All data in Snowflake tables are automatically divided into micro-partitions. Groups of rows in tables are mapped into individual micro-partitions, organized in a columnar fashion. This size and structure allow for extremely granular pruning of very large tables which can be comprised of millions, or even hundreds of millions, of micro-partitions.

Typically, table data is sorted/ordered along natural dimensions (e.g. date and/or geographic regions). This “clustering” is a key factor in queries because table data that is not sorted (or is only partially sorted) may impact query performance, particularly on very large tables.

OK, OK — that’s a lot to process — I’ll pause here briefly and allow the reader to come up for some air :) For anyone thinking “That’s way over my head!”, “Why should I care?”, or “I know of all of this already”, keep reading — these next few sections are just for you!!

“That’s Way Over My Head!”

Let’s make a fun comparison. When was the last time you spent too much time in the supermarket? Have you ever had trouble finding an item on your shopping list, walking through every grocery aisle, scanning each and every shelf? I have!! More often than I would like to admit. Most of us have some level of familiarity with the basic layout of our favorite store. We know how goods have been organized: produce, deli, butcher, dairy, frozen, dry goods, etc.. All of these items have been “co-located”.

Store layout by category — how quickly could you find everything colored red? Get ready to walk every aisle

We could simplify this grocery store concept (convenience store) or make it even more complex (distribution warehouse) — you get the point. The level of effort required by you, the shopper, to find what you need likely depends upon several factors: the size of the store, the number of items (and complexity) of your shopping list, store organization, signs and labels, how familiar you are with this particular location… All of these can make or break your afternoon!

Who’s ready to shop? I’m ready for the convenience store, or the grocery store if I’ve been there before. I’m not going near that distribution warehouse without a map and 10 personal shopping assistants!!

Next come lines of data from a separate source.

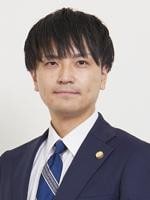 上田 圭介のプロフィール写真
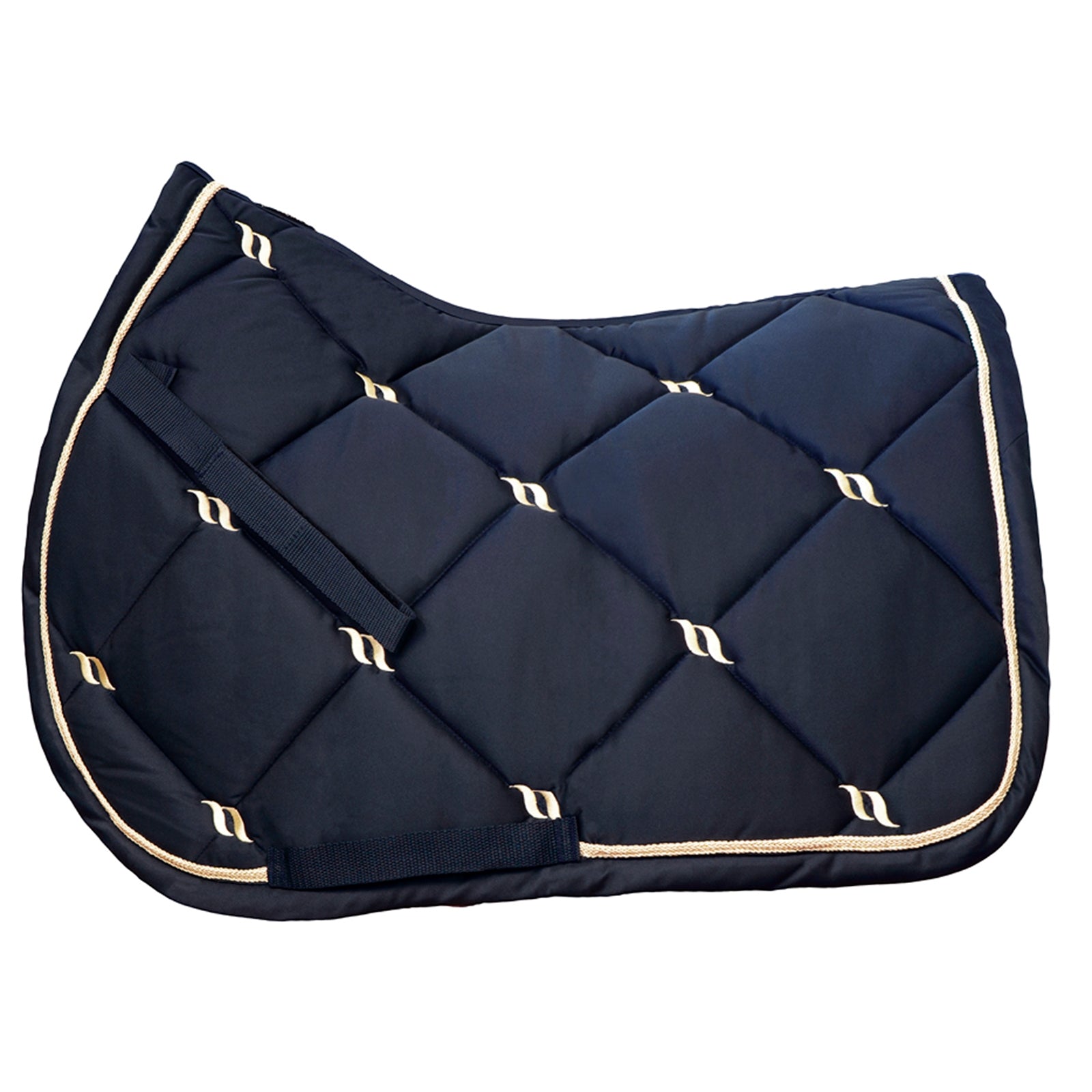 Back on Track Nights Collection Mantilla de uso general Mantillas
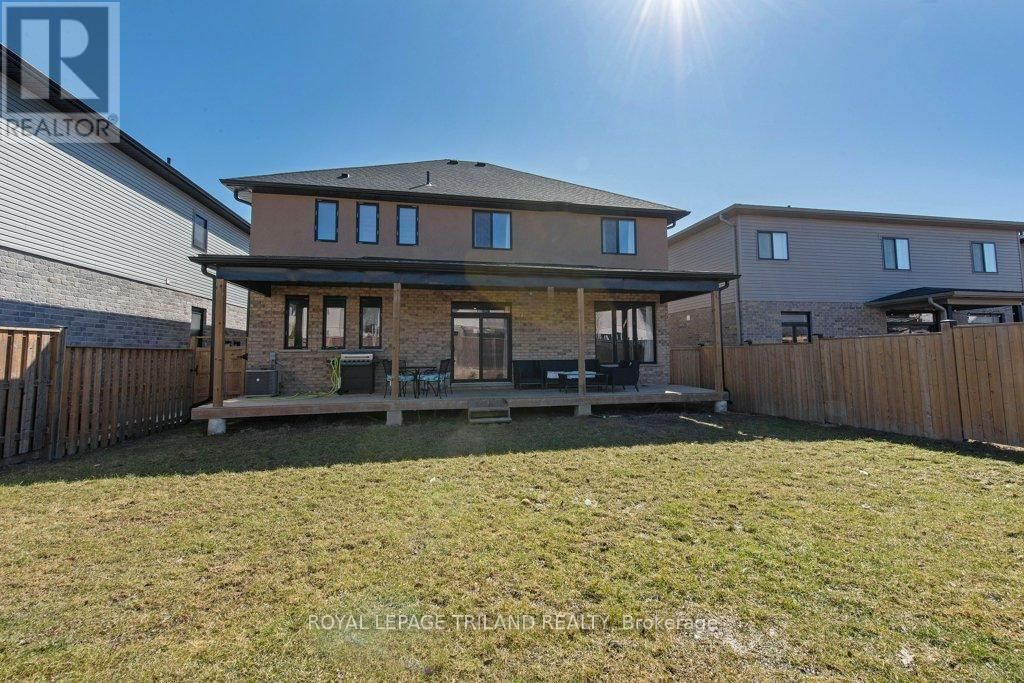 2222 BAKERVILLA STREET Image 32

Now let’s suppose that you have a requirement to do some shopping (or inventory analysis) based upon a less common requirement. How long might it take you identify every item:

Colored red?
In cardboard packaging?
Priced less than $6?
Weighing less than 1 pound?
Containing wheat flour as the first ingredient?
Manufactured in the USA?
and so on…

This would be quite the undertaking!!! (Again, influenced by the size of the store you’ve been assigned). Why? Because items are usually NOT organized (or “co-located”) by color, packaging material, price, weight, ingredient, or country of origin. It’s just not how the average buyer shops.

Hopefully by now you’re identifying the similarities between the above scenario and Snowflake database tables (and their corresponding micro-partitions). Data in these files is organized, or “clustered”, a certain way. Similar data (based upon date, geography, category, etc.) is “co-located” based upon a defined cluster key (if present), or the sorting / ingestion order used on the original load — just like a grocery store organizes the goods on the shelf, across several aisles.

“Why should I care?”

In Snowflake, most often you won’t care! Because in general Snowflake produces well-clustered data in tables. And for simple queries that deal with smaller tables it will never matter. Snowflake compute resources, or virtual warehouses, are extremely efficient when it comes to scanning the required micro-partitions in order to find and return the correct results for a given query.

A virtual warehouse provides the required resources, such as CPU, memory, and temporary storage, to execute SQL SELECT statements that retrieve rows from tables

Really large tables, though (with a larger number of micro-partitions) — can take longer to scan, especially if the query joins or filters on columns different than the defined cluster key (if present), or the columns used for sorting in the original load (the “natural sort”, or “natural cluster key”).

In summary — queries against very large tables that join or filter on columns that are not well clustered (similar to searching a grocery store for goods using criteria that differs from the way those goods have been organized, ex: “everything colored red”) may take longer to run, as the compute resources scan all of the necessary micro-partitions. (just as you might have to walk every aisle in the store if you were shopping by color)

Luckily, Snowflake provides a function, SYSTEM$CLUSTERING_INFORMATION, that can be run against any table (usually, larger tables) to see how well that table is clustered. The function returns a JSON object containing the following:

cluster_by_keys: Columns in table used to return clustering information; can be any columns in the table.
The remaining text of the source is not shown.